Libertad y democracia han sido eje rector de la lucha de los pueblos que han logrado los niveles más altos de gobierno y bienestar. Libertad para decidir sus destinos frente al exterior, pero también frente al yugo interno de los gobiernos autoritarios. Democracia en la forma libre de organizar su presente y su futuro.
Los buenos ejemplos no se acotan a una región o historia en particular, pues igual encontramos regímenes con sólidas bases democráticas en países como Canadá, en los nórdicos, en los mares del sur, como Nueva Zelanda y Australia, o en América Latina, como en Costa Rica y Uruguay, lo que indica que no necesariamente tiene que ver con una historia y tradición sino con un modelo que ha resultado el más convincente y efectivo para quienes lo seleccionan y lo implementan.
En México no hemos estado ajenos a esta búsqueda y a lo largo de los últimos dos siglos, con traspiés y en muchos casos a base de acierto y error, hemos intentado modelar un destino democrático construyendo un modelo que privilegie la democracia como forma de gobierno y las libertades ciudadanos como imperativo del Estado.
Democracia y libertad no son destino fatal. No todos los pueblos habrán de terminar en esta forma de gobierno; peor aún, como en el juego de serpientes y escaleras, también en la historia de los pueblos existen descalabros monumentales, incluso por decisión de mayorías como les sucedió a los griegos cuando decidieron atacar Esparta, lo que significó su auto destrucción o como sucedió en el siglo XX en muchos países de America Latina en donde los militares pusieron en pausa la democracia.
En el siglo XX presenciamos el rotundo fracaso de regímenes centralizados, con escasos márgenes de maniobra para el ciudadano y amplio control del Estado. Sus resultados en términos de bienestar y satisfacción ciudadana fueron desastrosos. La caída de la Unión Soviética y de los gobiernos de Europa del Este fueron la mejor prueba. China dejo el modelo socialista por el capitalismo de Estado, con lo que se colocó en otra pista.

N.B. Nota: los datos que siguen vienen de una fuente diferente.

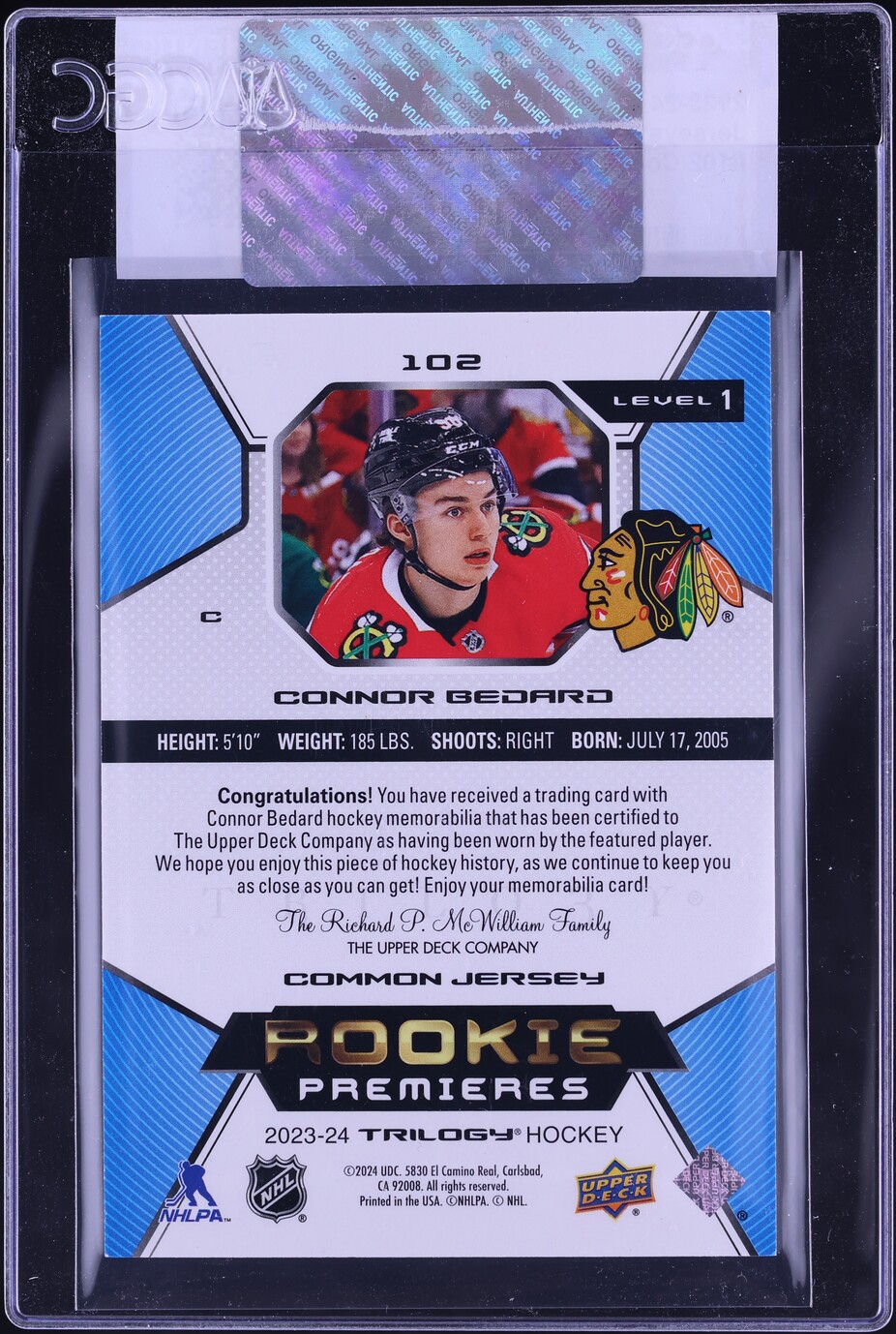 2023 Upper Deck Trilogy Jerseys Connor Bedard ROOKIE PATCH /499 #102 CGC AUTH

Hoy en día nadie lucha por implantar o vender un régimen socialista, pero eso no impide que existan vestigios del pasado que se sostienen en modelos e ideologías de probada ineficacia. Es el caso de países como Venezuela, Cuba o Nicaragua, en donde el principal indicador no es la certidumbre teórica o ética del modelo, sino la bajísima calidad de vida de los habitantes del país.
Por alguna razón, - no suficientemente explicada por los estudiosos ni entendida por los políticos – los partidos políticos y sus operadores han caído de la gracias de sus poblaciones y han generado un descrédito de la política en un gran número de democracias. Nadie puede garantizar hoy en día que la democracia sea la mejor forma de gobierno.
Hace cincuenta años el mundo era bipolar. La Unión Soviética se derrumbó y Rusia - lo que quedó de la gran potencia-, se convirtió nominalmente en una democracia. Para muchos esto marcaba el inicio de una era de democratización mundial, en cierta forma liderada por Estados Unidos. Cincuenta años después, las otrora potencias enemigas, eran gobernadas por dos políticos (Trump y Putin) más con perfil de peleador callejero que de lideres de la democracia del siglo XXI. Y ambos llegaron al poder por las urnas. La democracia tampoco garantiza la calidad de los líderes.
Esta historia pone más que en evidencia la falibilidad y fragilidad de las democracias y la ausencia de certidumbre en relación con su continuidad. Nada ni nadie puede garantizar la continuidad democrática, salvo la propia institucionalidad democrática.
Hoy en día la mejor manera de romper con la senda de la democracia no es con la desaparición de sus instituciones sino con asegurar su control. Mediante chantaje, prebendas o presiones, subyugar al legislativo, al poder judicial, a los órganos electorales, a la prensa, a las organizaciones de la sociedad civil y al sector privado.
En México estamos en la peligrosa senda del desmantelamiento de las instituciones democráticas, reducidos niveles de tolerancia y bajos márgenes de legalidad por parte de la autoridad. Ahí nos ha colocado el gobierno de la 4T. No somos la Rusia de Putin ni la Venezuela de Maduro, pero estamos lejos de parecernos a Uruguay o a Nueva Zelanda. Nos espera una larga lucha - que transita por los medios de comunicación y la libertad de prensa – para retomar la senda y recuperar nuestro futuro democrático. Lo que no hagamos los mexicanos por nuestra democracia y nuestra libertad, no lo hará nadie más.